■ **PROBLEM TO WORK ON**
Below are some records. Return exactly the lines from the one containing "SWING ON BRANCH COMPVERS2" through the one containing "Wide shot of", both included, and only those.

■ **SOURCE RECORDS**

┄┄┄┄┄┄┄┄┄┄┄┄┄┄┄┄┄┄┄┄

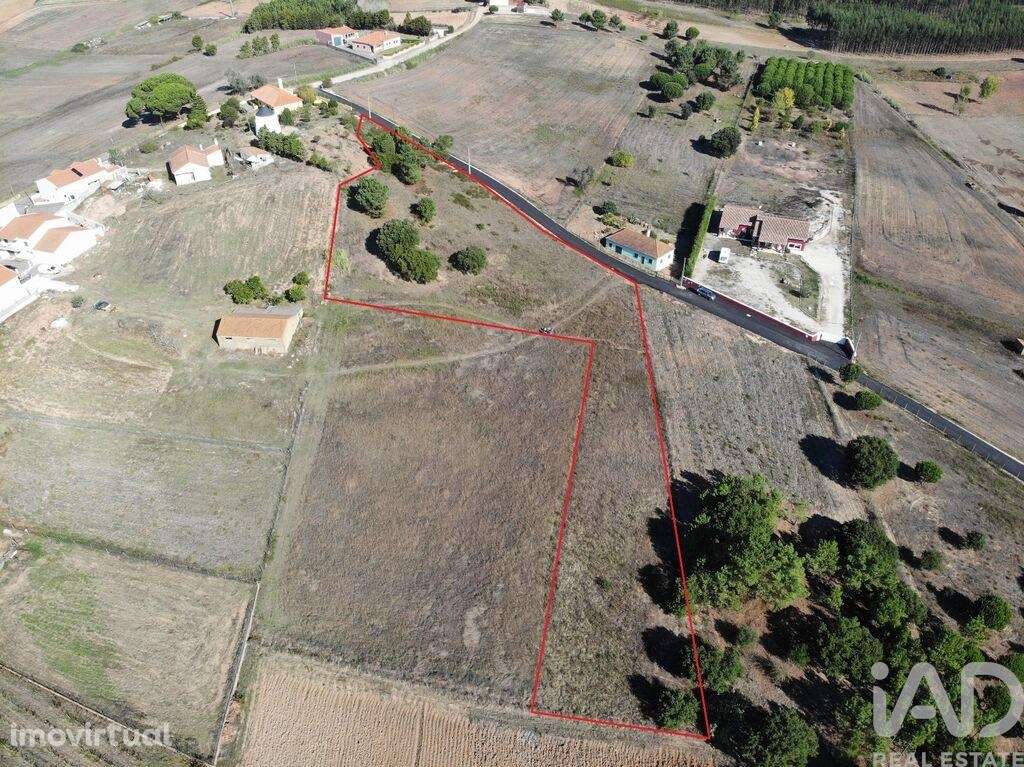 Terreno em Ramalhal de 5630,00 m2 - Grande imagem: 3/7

┄┄┄┄┄┄┄┄┄┄┄┄┄┄┄┄┄┄┄┄

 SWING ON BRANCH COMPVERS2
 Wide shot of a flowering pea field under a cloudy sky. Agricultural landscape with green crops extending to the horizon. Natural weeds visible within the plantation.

┄┄┄┄┄┄┄┄┄┄┄┄┄┄┄┄┄┄┄┄

■ **REPLY**
 SWING ON BRANCH COMPVERS2
 Wide shot of a flowering pea field under a cloudy sky. Agricultural landscape with green crops extending to the horizon. Natural weeds visible within the plantation.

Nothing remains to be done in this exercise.